曲目…1.イフ・ゼア・イズ・サムワン・ラヴリアー・ザン・ユー、2.アイ・フォール・イン・ラヴ・トゥー・イージリー、3.ザ・ムード・イズ・グッド、4.ニュー・ランズ、5.ア・チャイルド・イズ・ボーン、6.オール・ザ・シングス・ユー・アー、7.アイ・ラヴ・ユー

1984年2月17日

演奏について…巷で最も評価されているトラックは、タイトルナンバーでもある4曲目「ニュー・ランズ」で、とにかく、エヴァンスゆかりのベーシスト「ジョンソン」の骨太で、且つ疾走するが如く高速の指使いのベース演奏が、トリオ全体をドライヴして行く。
これに追従して「バロン」のスネアショットとシンバルワークも非常に良い反応を示し、この二人のリズムに乗せて、「ピエラヌンツィ」のやや固めのタッチでモーダルな、そしてメロディアスなアドリブも大変素晴らしい出来栄えである。

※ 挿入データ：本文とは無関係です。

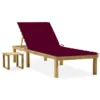 Chaise Longue De Jardin Avec Table Et Coussin Pin Imprégné 8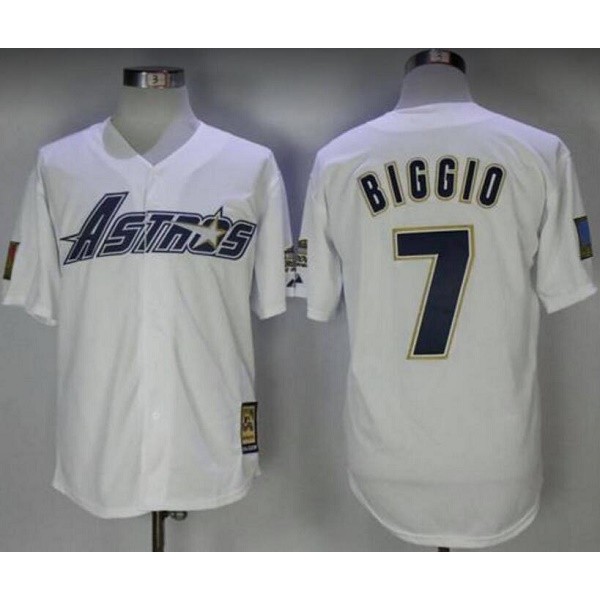 Houston Astros #7 Craig Biggio White Cool Base Stitched Baseball Jersey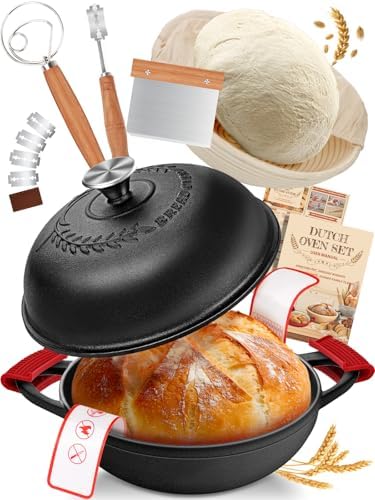 Dutch Oven Bread Baking Pot with Lid 6QT Cast Iron Design & Complete Sourdough Kit (Banneton Basket, Dough Tools, Silicone Sling) for Artisan Bread Making by Unknown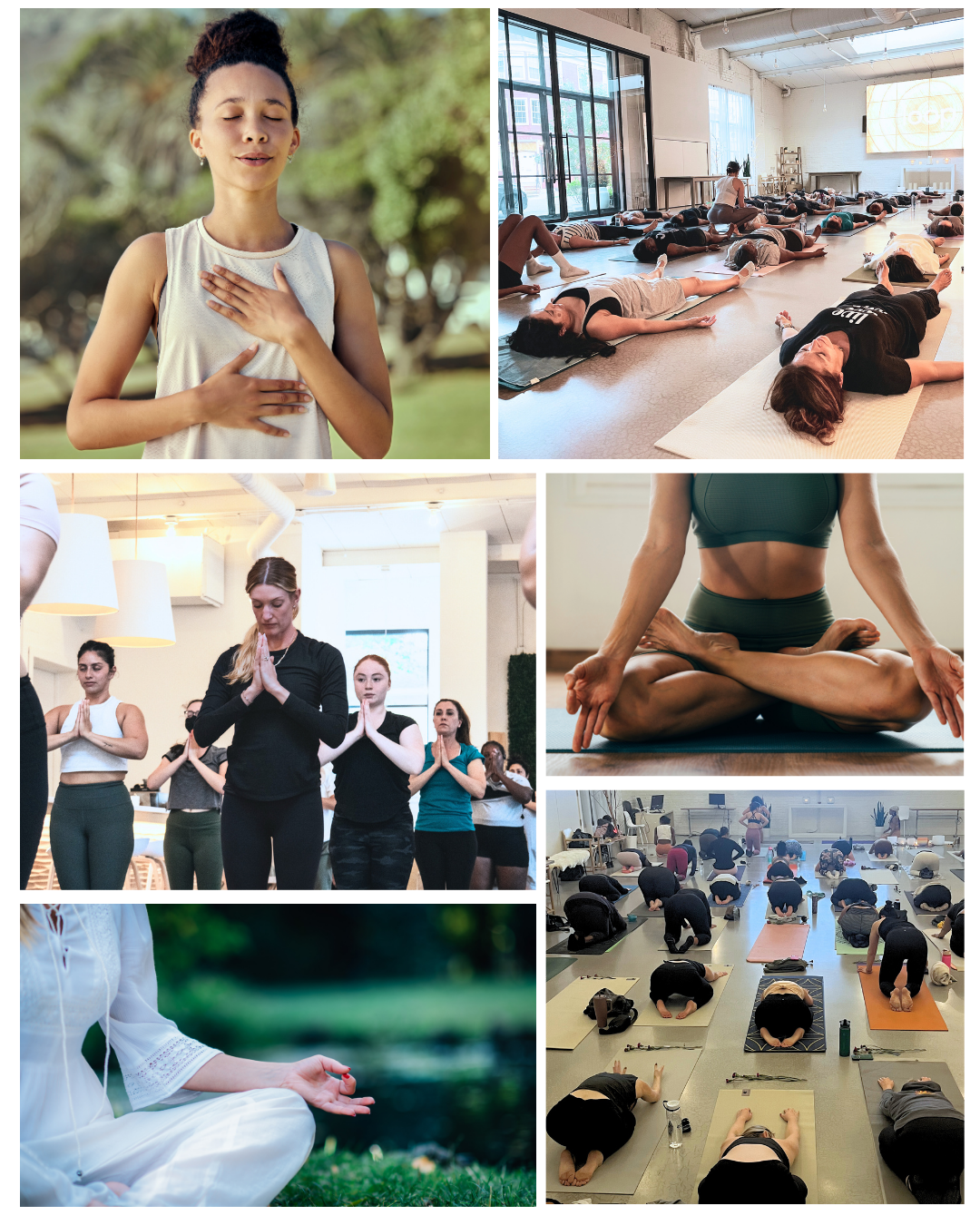 Guided breathwork practice showing relaxation and nervous system support at Loopwell in Montclair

個人的には2曲目「アイ~」が、非常にリリカルで官能美に溢れたピアノのアドリブ演奏がなされていて、とてもお気に入りです。
「ピエラ」のソロだけで言ったら、アルバム中ぴか一の出来です。
「ジョンソン」の対話をするような、渋めのベースライン演奏もこの曲に、印象深いアクセントになっていて、特出物です。

サド・ジョーンズ作曲の5曲目「ア・チャイルド~」は原曲自体はとても甘いメロディなのだが、ここでの「ピエラヌンツィ」は、やはりエヴァンス直系らしく、メロディアスでセンシティヴなのだが、決して甘すぎない、言わば上質の「ブランデー・ケーキ」の様な都会的な演奏がなされている。

3曲目のオリジナル曲「ザ・ムード~」も5曲目同様、原曲はとてもメロディアスと思うが、極端な甘さは排除し、特にベースを全面的に押出した、「ジョンソン・リスペクト的」な佳演である。

冒頭の「イフ~」は、オープニングから、「仮想エヴァンス」と言って良い程、「ピエラヌンツィ」の乾いた音色と、メロディアスだがやや辛口の演奏にすぐさま「エヴァンスワールド」に引き込まれて、とても心地よい。
リズムの二人も1曲目から余力を多少残しながらも、アクセル&スロットル全開で「ピエラ」をケアーしている。

6曲目は、「ジョンソン」のベースに触発されて、「ピエラヌンツィ」がアドリブを演奏し始めるが、解説書からの登用になりますが、演奏形式の専門用語で言うと「演繹」と言って、主題を後から提示する方法との事。
いずれにしろ、非常にアーバンな演奏で、このトリオのハイセンスな部分を全面的に見せつけられる演奏です。